◆ MATERIAL SHOWN
Start of Block

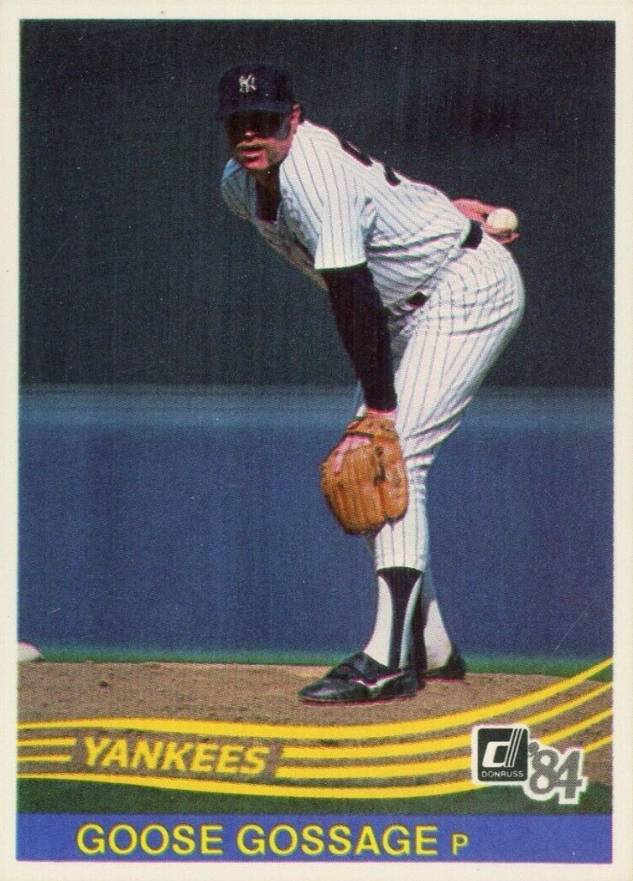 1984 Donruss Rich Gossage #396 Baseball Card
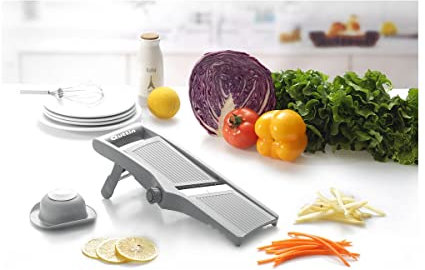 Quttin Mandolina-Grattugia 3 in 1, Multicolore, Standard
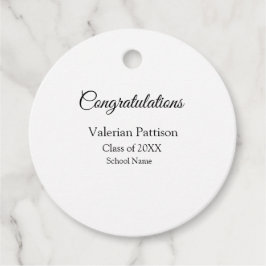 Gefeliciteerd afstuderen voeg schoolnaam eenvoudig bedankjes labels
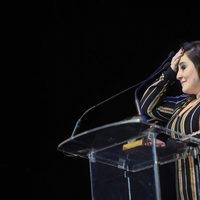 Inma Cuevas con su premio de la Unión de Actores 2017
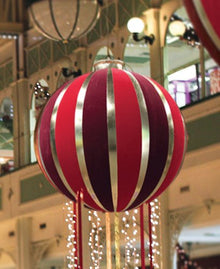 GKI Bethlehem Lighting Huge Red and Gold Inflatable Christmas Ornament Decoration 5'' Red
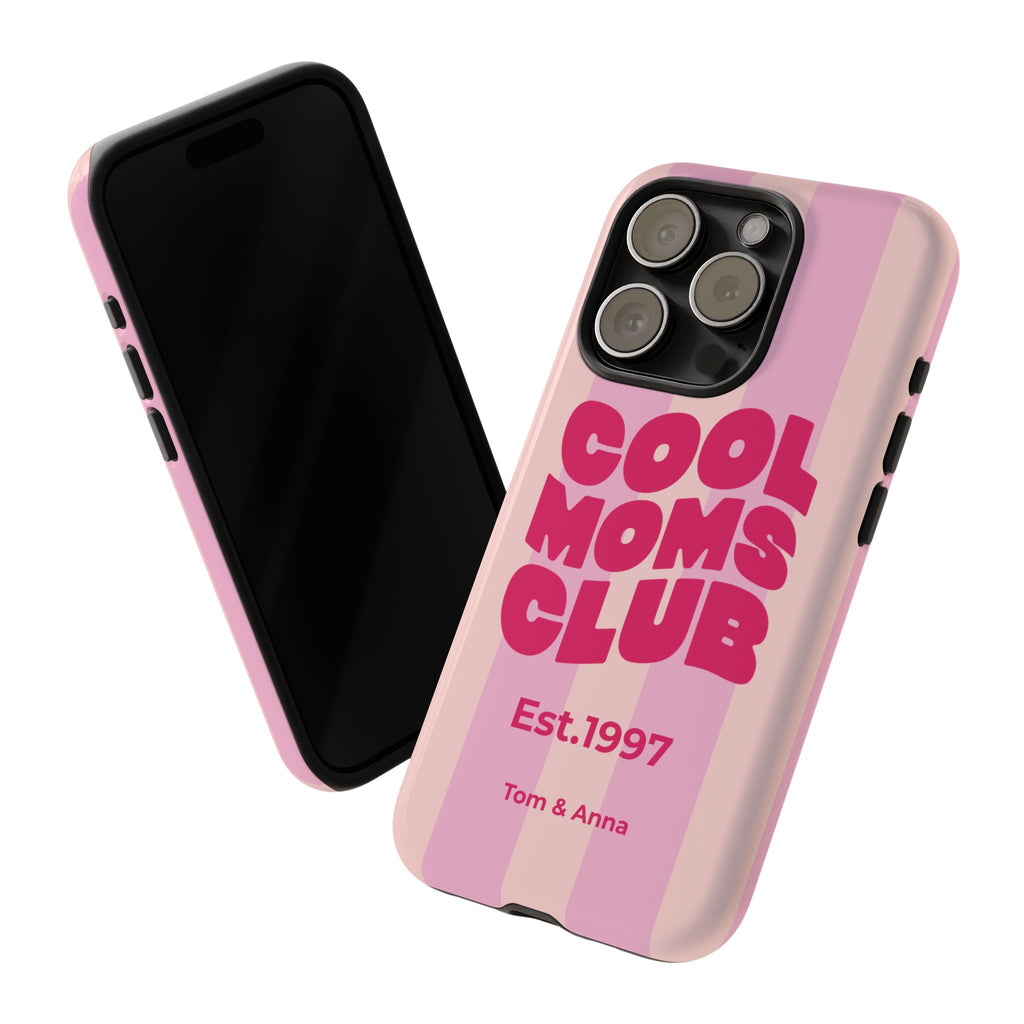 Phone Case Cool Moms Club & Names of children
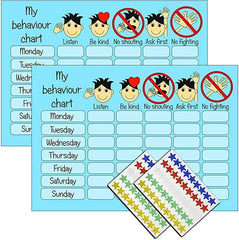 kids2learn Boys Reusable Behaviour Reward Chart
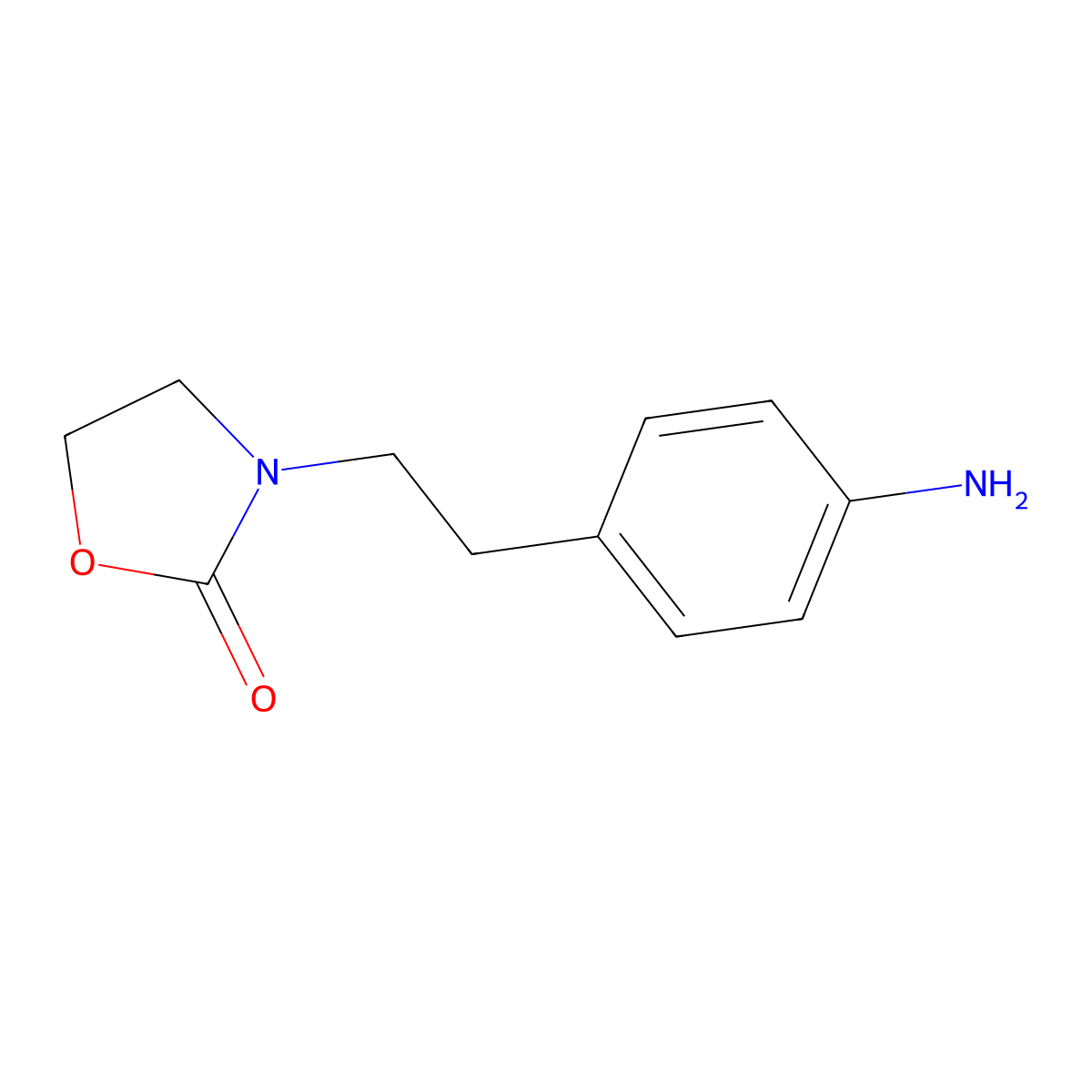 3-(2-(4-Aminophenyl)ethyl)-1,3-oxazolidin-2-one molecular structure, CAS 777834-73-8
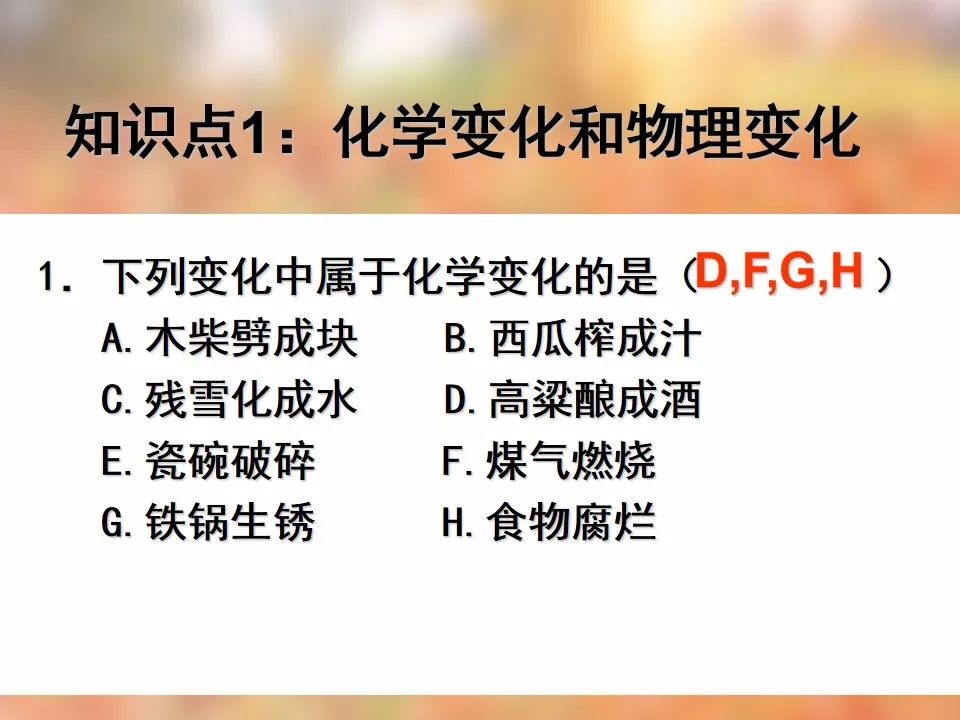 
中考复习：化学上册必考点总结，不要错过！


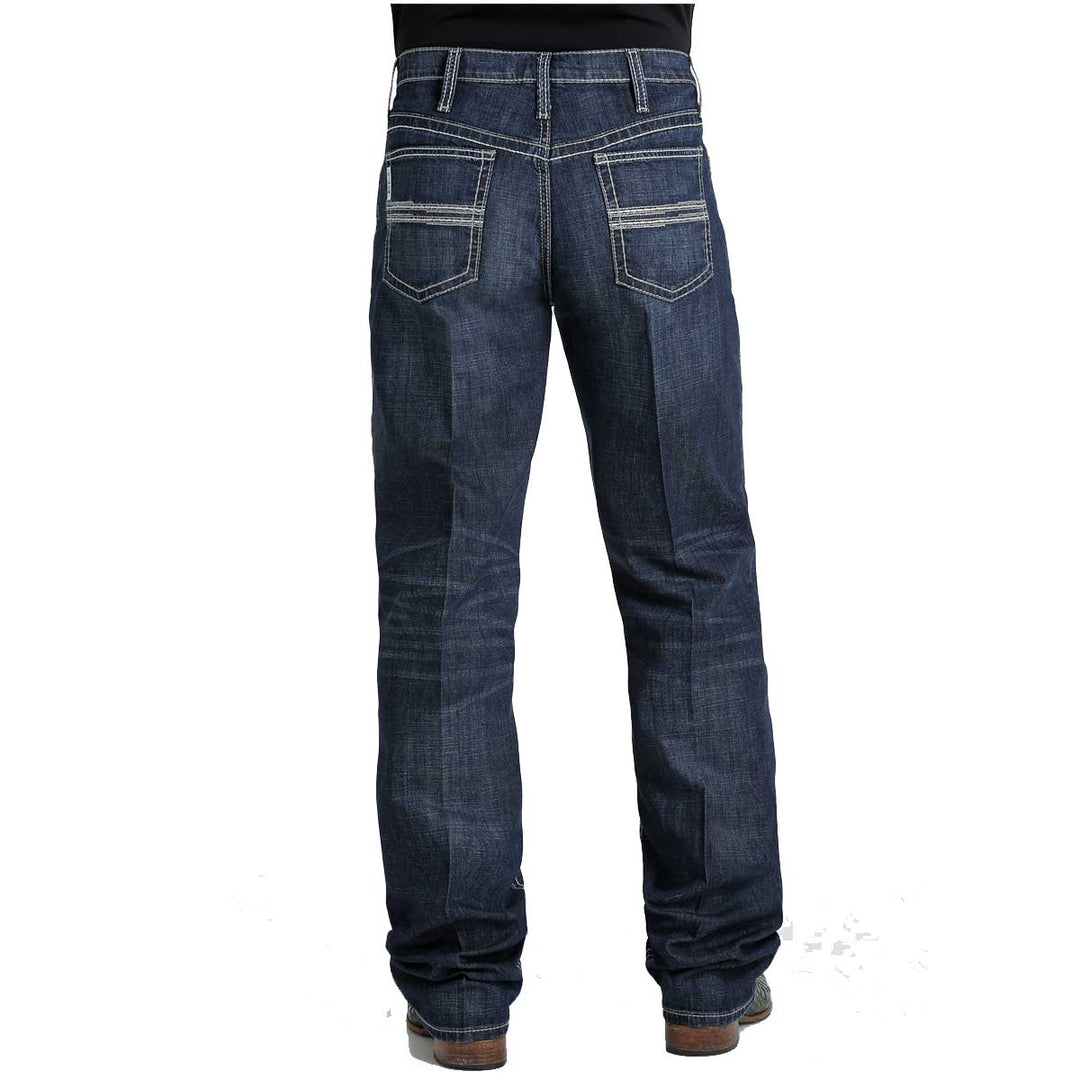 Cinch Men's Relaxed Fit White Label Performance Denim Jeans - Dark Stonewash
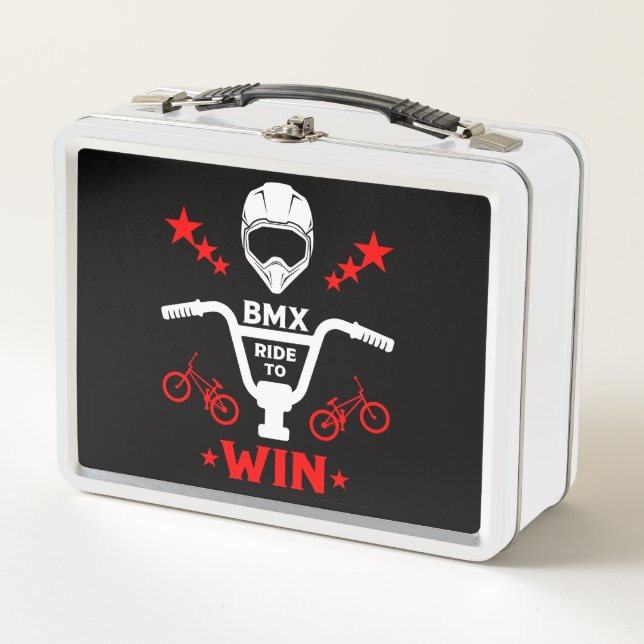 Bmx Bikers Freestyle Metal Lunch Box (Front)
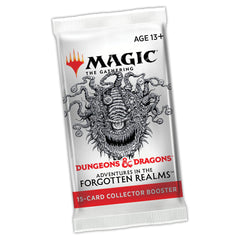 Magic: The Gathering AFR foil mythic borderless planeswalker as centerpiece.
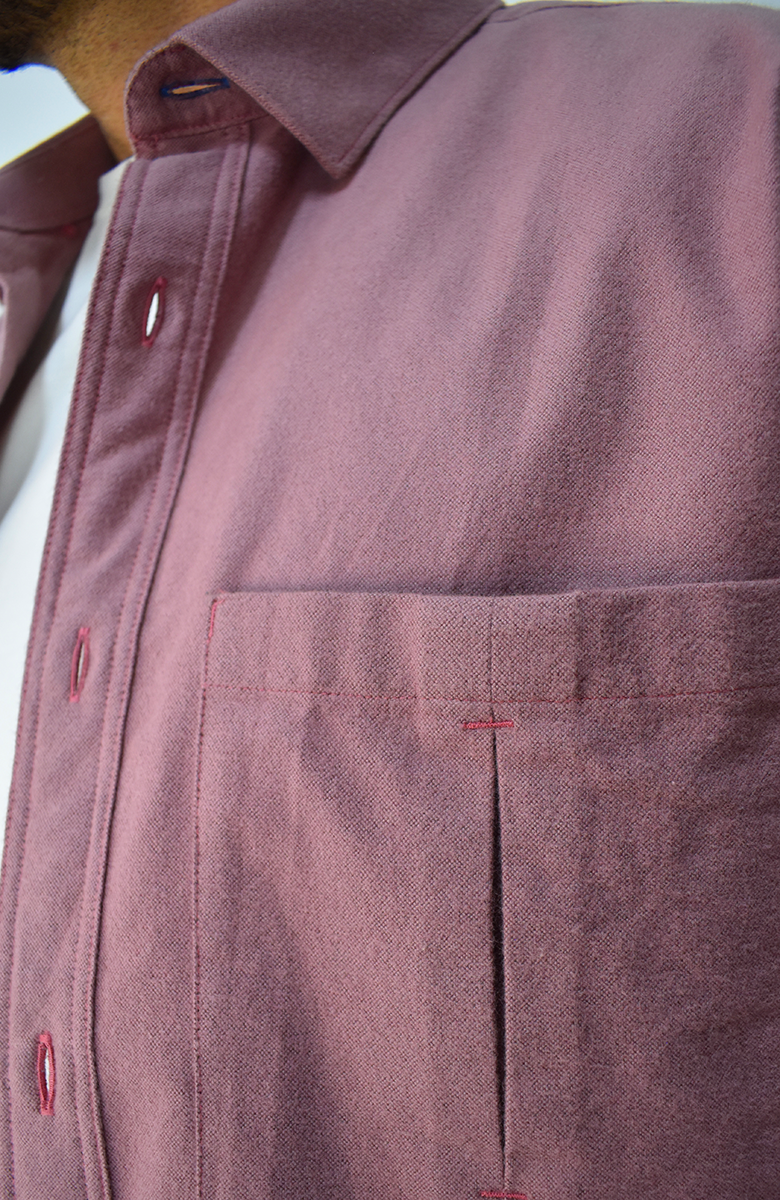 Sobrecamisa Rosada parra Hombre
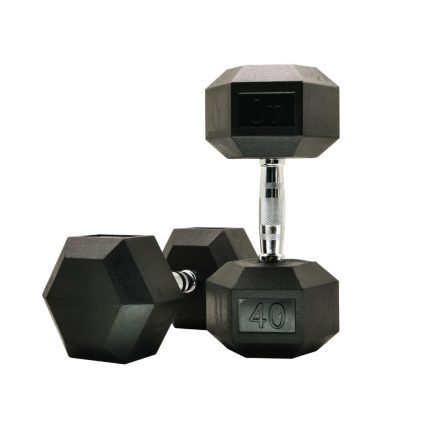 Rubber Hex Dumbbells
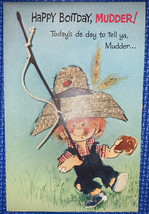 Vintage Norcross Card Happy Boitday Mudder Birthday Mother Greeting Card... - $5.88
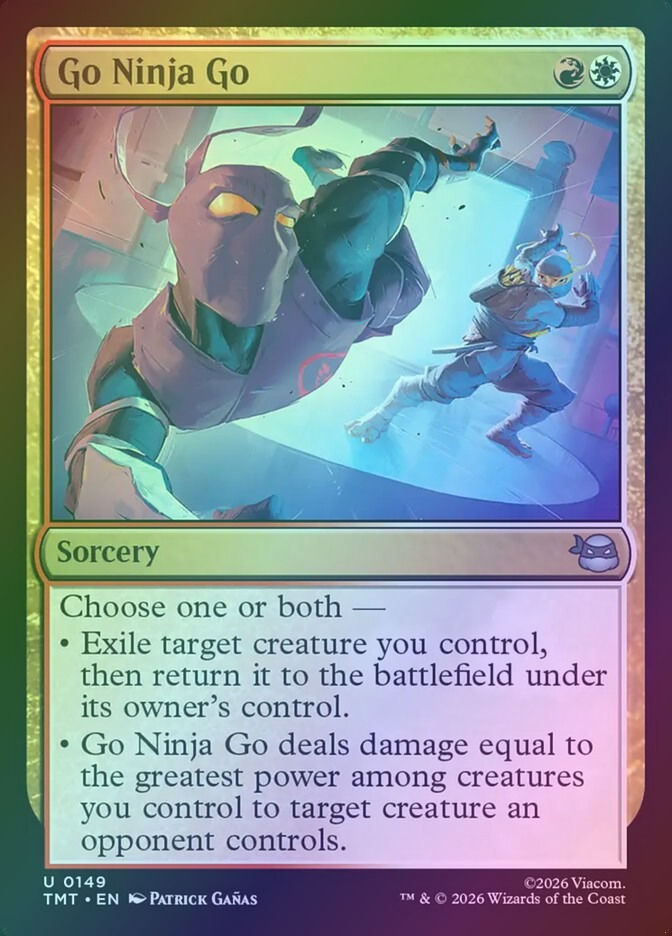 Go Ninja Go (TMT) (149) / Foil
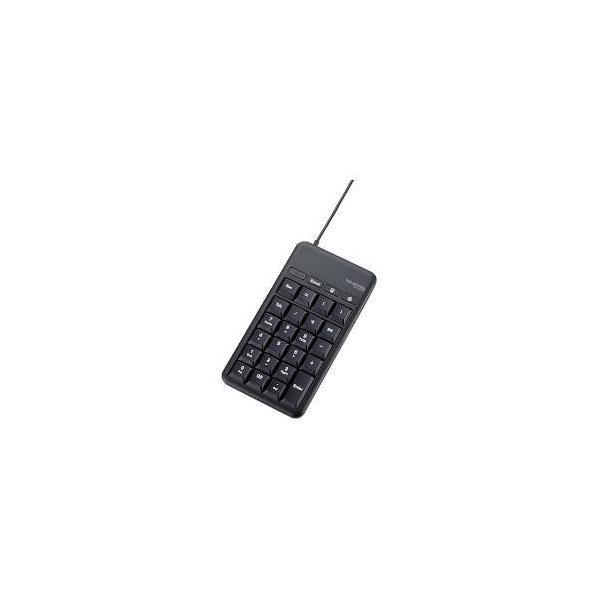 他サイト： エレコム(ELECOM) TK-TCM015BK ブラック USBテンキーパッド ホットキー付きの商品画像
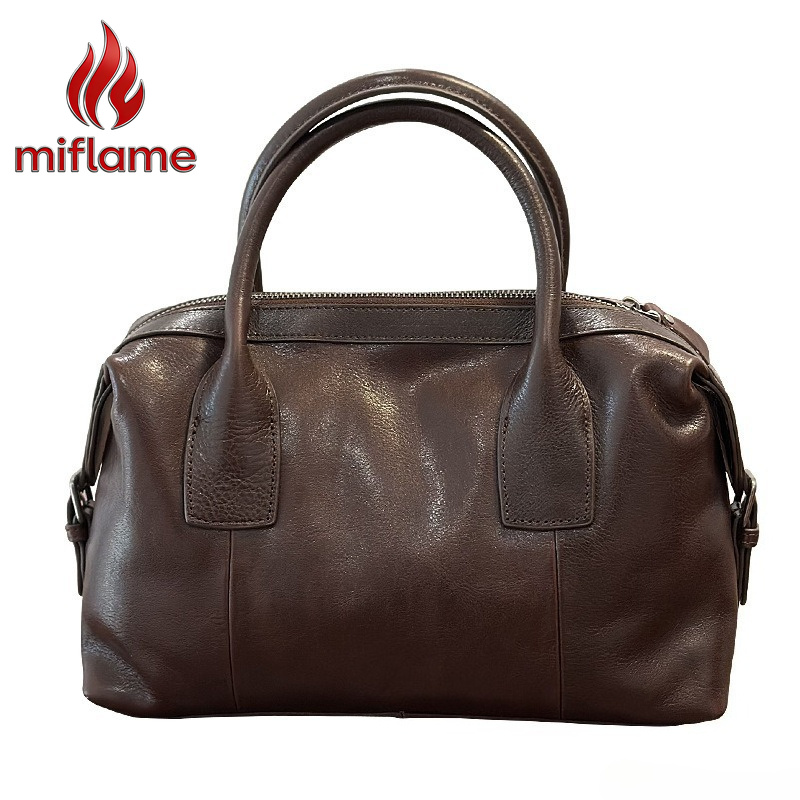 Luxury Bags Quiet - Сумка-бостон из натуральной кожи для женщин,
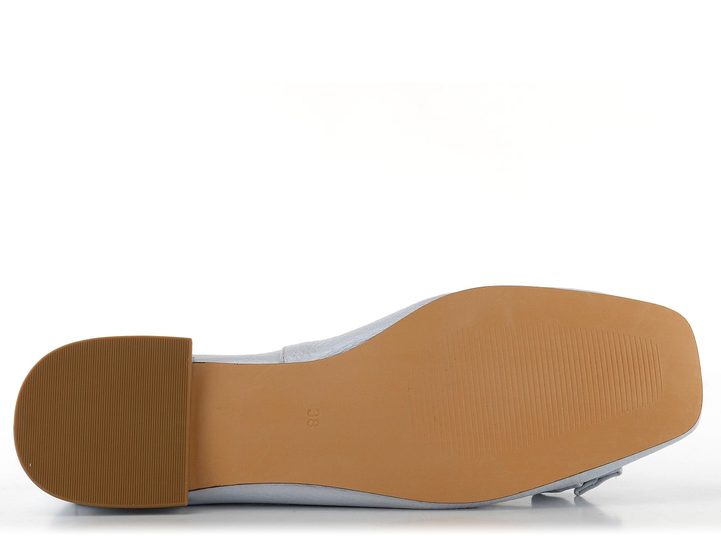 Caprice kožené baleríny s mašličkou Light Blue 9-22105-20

End of Block

◆ THE TASK
For this exercise, please set down exactly the lines of the listing above from the line with "Quttin Mandolina-Grattugia 3" up to and including the line with "GKI Bethlehem Lighting", and no pictures.

◆ EXERCISE OUTPUT
 Quttin Mandolina-Grattugia 3 in 1, Multicolore, Standard
 Gefeliciteerd afstuderen voeg schoolnaam eenvoudig bedankjes labels
 Inma Cuevas con su premio de la Unión de Actores 2017
 GKI Bethlehem Lighting Huge Red and Gold Inflatable Christmas Ornament Decoration 5'' Red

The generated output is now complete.